==== Material provided

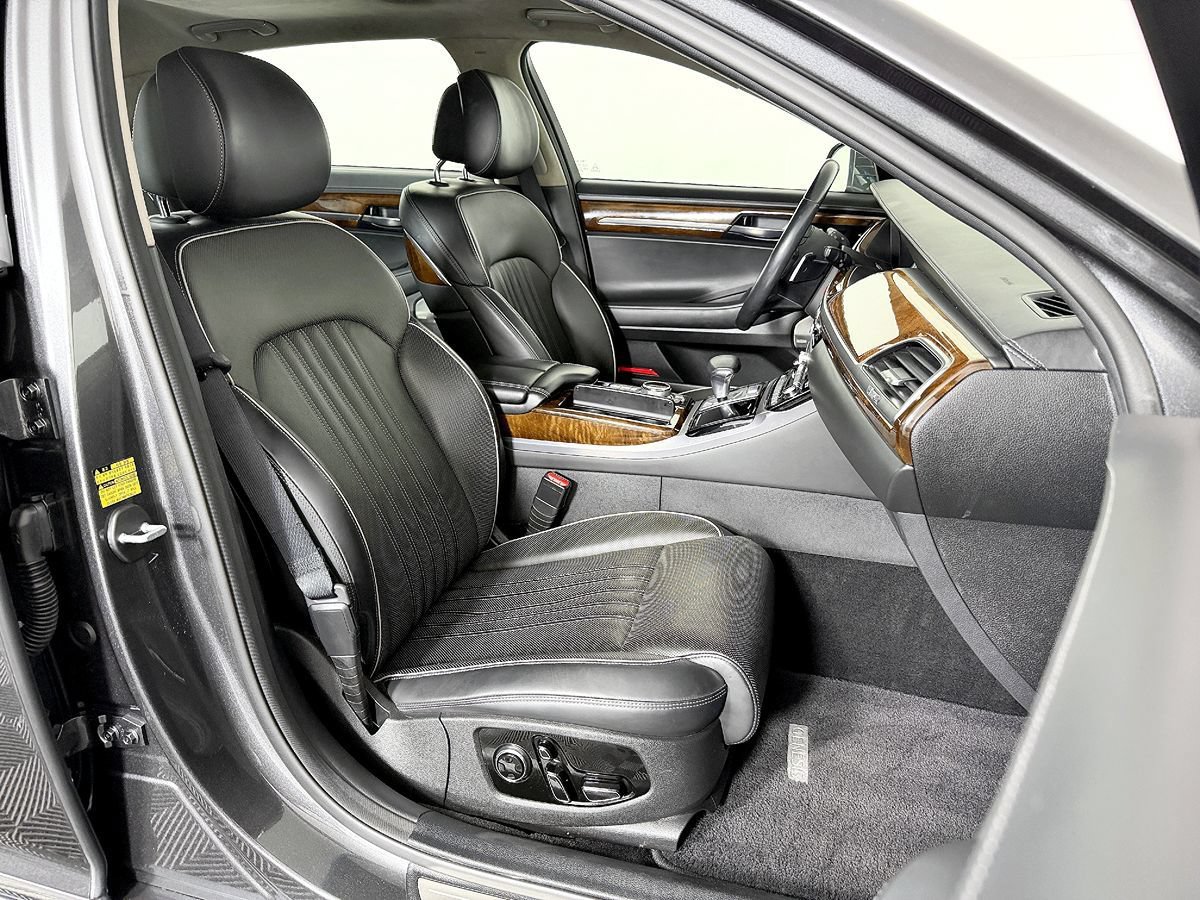 Used 2019 Genesis G90 3.3T Premium AWD/4WD image 55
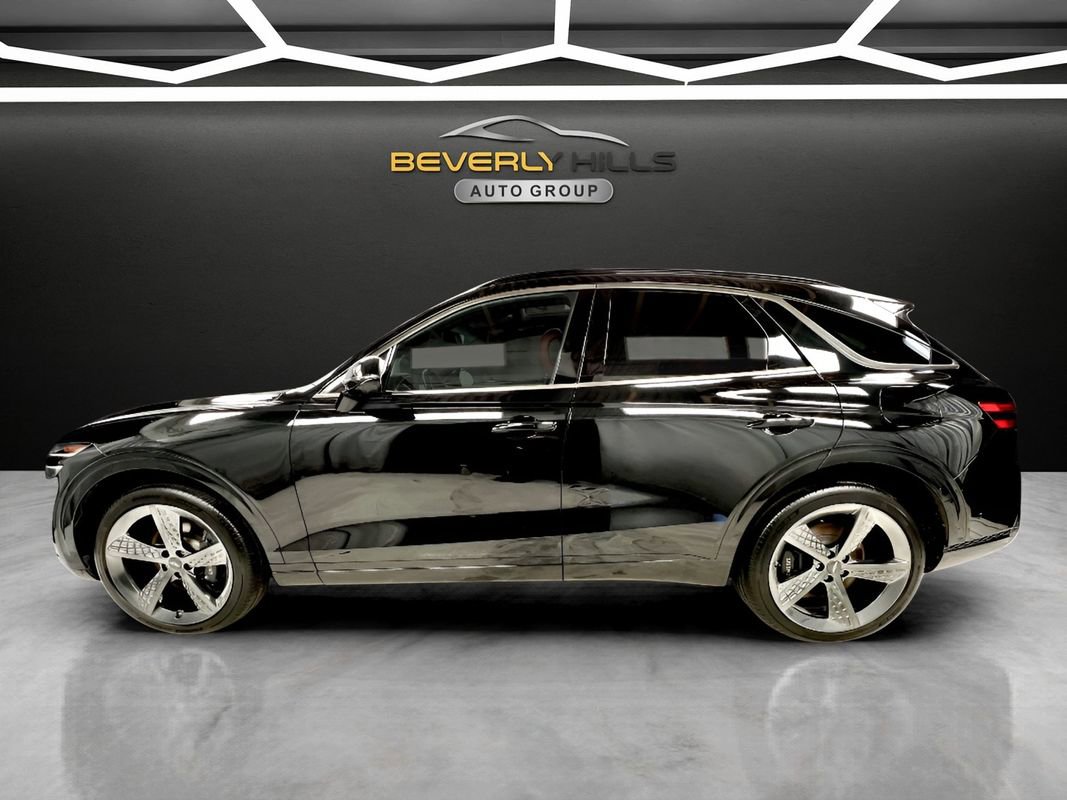 Used 2023 Genesis GV70 2.5T w/ Sport Prestige Package image 2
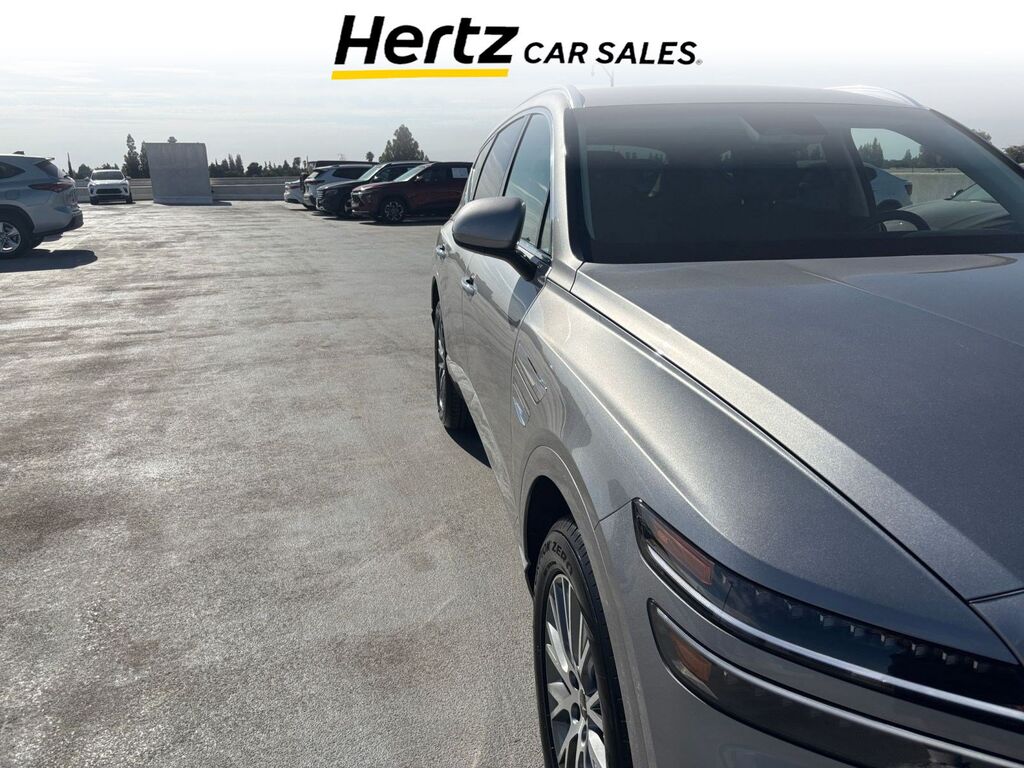 2026 Genesis GV80 2.5T — photo 1 of 4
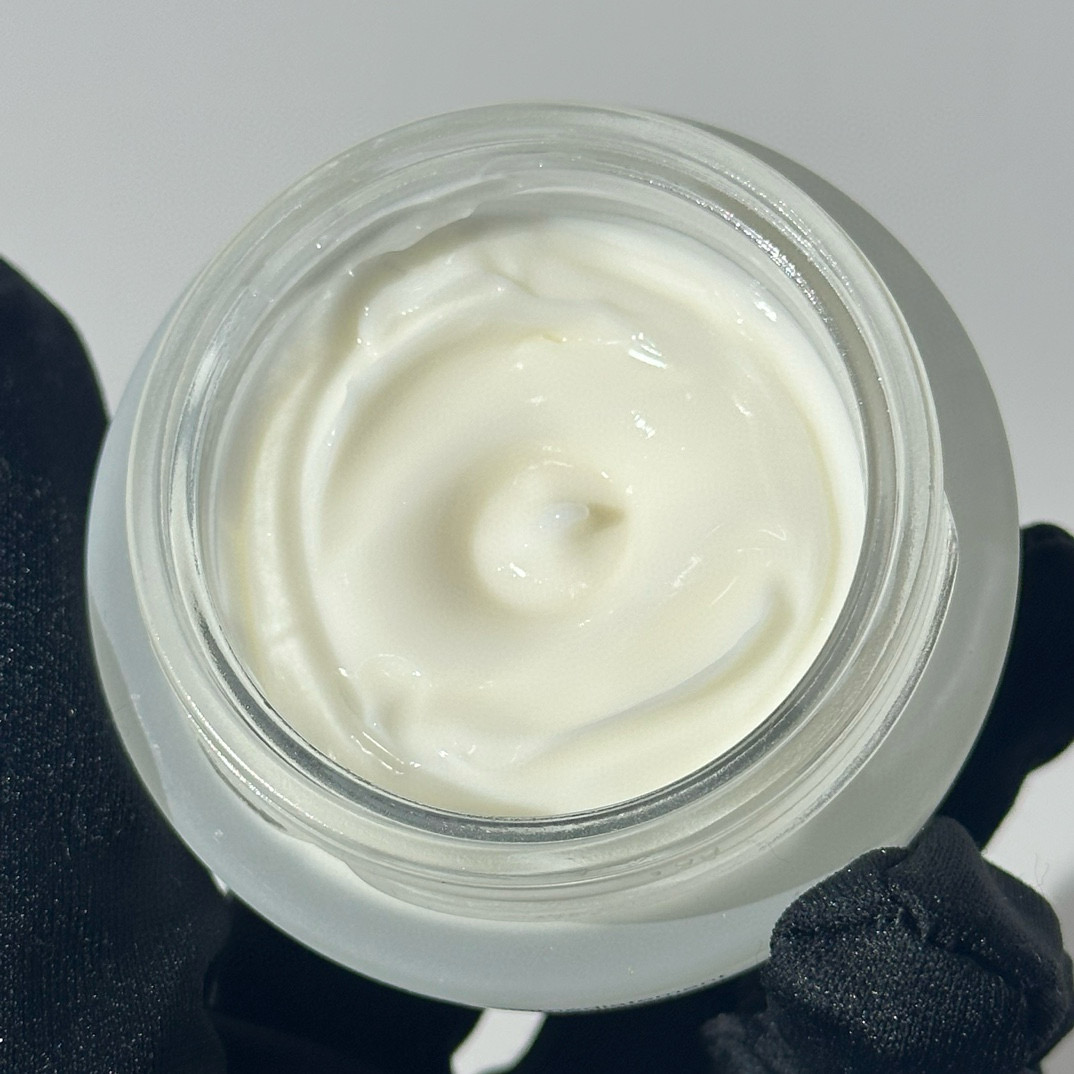 Lan Brand Creams Girl Lotion 50Ml P Renegie H.P.N, 300-Peptide Clarifique Cream Face Day And Night Repair New Arrival Stock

========

**Exercise instructions**.
Quote the data exactly, leaving every image out of the copy.

**Exercise response**.
 Used 2019 Genesis G90 3.3T Premium AWD/4WD image 55
 Used 2023 Genesis GV70 2.5T w/ Sport Prestige Package image 2
 2026 Genesis GV80 2.5T — photo 1 of 4
 Lan Brand Creams Girl Lotion 50Ml P Renegie H.P.N, 300-Peptide Clarifique Cream Face Day And Night Repair New Arrival Stock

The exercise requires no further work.